ALTHOUGH NO INDEX-CARD invites exist for that August night, it still became legendary. Starting in the Nineties, Herc began talking up that party and date, and it was further cemented in history thanks to stories in The Source magazine and journalist Jeff Chang’s vital hip-hop history, Can’t Stop Won’t Stop. “It’s the breaks,” say Dan Charnas, author of two essential hip-hop histories, The Big Payback and Dilla Time. “Herc found these particular records and played a crucial role in the creation of the breakbeat canon.”
At the same time, the focus on one specific day has led some in the hip-hop community to wonder: Is it possible to narrow down the birth of the music to a single moment? Was that day the genesis or one of rap’s many important evolutionary steps along the way? “It’s an arbitrary designation that I accept out of respect for Herc’s contribution and the contributions of all pioneers,” says Gray. “It is very good that we have this anniversary because it gives us a point in time to analyze. We know that the culture of hip-hop was affected by the sociopolitical and economic realities of the Bronx. But who was that first person who picked up that first guitar and did that first rock lick? When was gospel created? We don’t know any of these things!”
As Gray and others have pointed out, Herc wasn’t the only DJ prepping the world for a new genre. In Harlem, DJ Hollywood was talking over records around the same time; another Bronx native, Disco King Mario, was also pumping the music. For Gray, who grew up in the Bronx, another icon was DJ Smokey, a now obscure but influential DJ whom Gray would see engage in turntable battles with Herc. “If Smokey had won some of those battles, we’d be celebrating Smokey,” he says. “But Herc had something that Smokey didn’t have — power. Herc could set up right across from Smokey and turn on his equipment and you couldn’t hear Smokey anymore. Herc used his sound system well.
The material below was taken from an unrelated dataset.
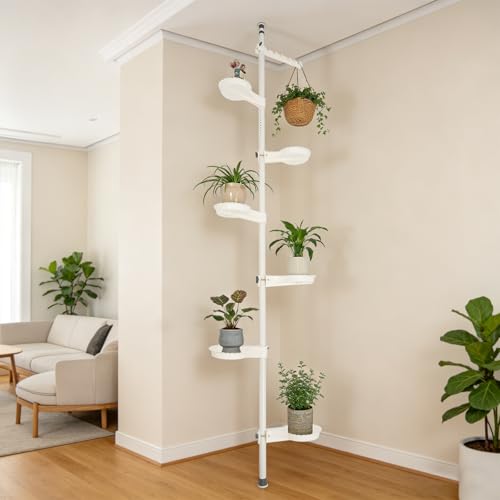 Multi-Tier Indoor Plant Stands, Adjustable Space Saver Corner Floral Pot with Hanging Rack Metal Flower Display Rack Vertical Plant Stand Indoor Plants Shelf for Balcony Bedroom Living Room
Everyone he battled, he blew them out.”
Given the important records that were released in 1973, maybe that year, as much as Herc’s DJ work, should be seen as a pivotal moment in rap, as Charnas argues. “It was a landmark year for hip-hop because it was the moment that DJs started thinking about emphasizing the breaks in a crucial way,” he says. “And when they did, they picked records of the day like ‘Apache.’ If Aug. 11 is the first of anything, it’s not the birth of the hip-hop genre or hip-hop culture per se. It’s the birth of the hip-hop religion — the sainthood, the anointments, the sacraments, and the debates.”